Reynolds plays the same basic Good Ol' Boy he's been refining for years -- the sly, woman-chasing character with a couple of good buddies and an eye on the big time. He needs somebody to sponsor his car, and he ends up with Clyde Torkle, a fried-chicken king who is played by Ned Beatty with a low bow in the directions of Col. Sanders and Jackie Gleason. Torkle makes Reynolds paint the slogan Fastest Chicken in the West! on the side of his car. This provides most of the dramatic conflict in the movie.
Reynolds' sidekick is an auto mechanic named Lugs (Jim Nabors), and the romantic interest is Loni Anderson. She plays a Sunday-school teacher who doesn't drink and is a virgin. So Reynolds slips her some champagne, gets her drunk and, in an unpleasant, unfunny and creepy scene, semi-undresses her while making small talk to her unconscious body.
Loni Anderson is so innocuous in this movie, they must have given her the wrong script. The movie is stolen in the sex-symbol department by a creature named Cassandra Peterson [aka Elvira], who has a dynamite scene with Jim Nabors. She has long black hair and a ton of eye makeup and looks like a cross between Gina Lollobrigida and Vampirella. She's the best thing in the movie.

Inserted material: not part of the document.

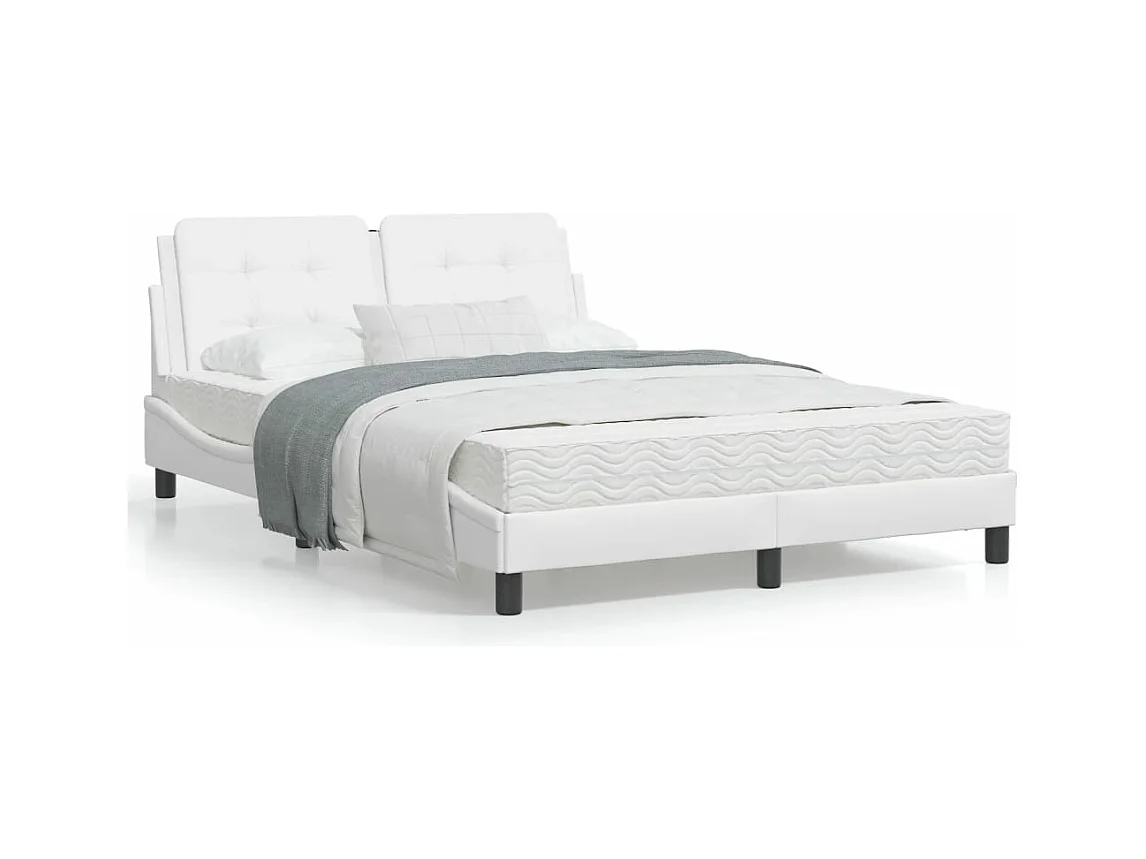 Cama com colchão 140x190 cm couro artificial branco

Which brings us to the director. Hal Needham is a onetime stunt coordinator who was a legend in his field. He moved up to directing with encouragement from his old buddy Reynolds, and together they've made five "Smokey"-type movies. There is hardly a spark of inspiration in any of those films, but Reynolds is a box-office champion who can sell anything, even Needham's leadfooted direction. If Reynolds were prepared to work with a good director, he might today be hailed as the superb romantic comedian he is, rather than as the assembly line box-office product he seems determined to become.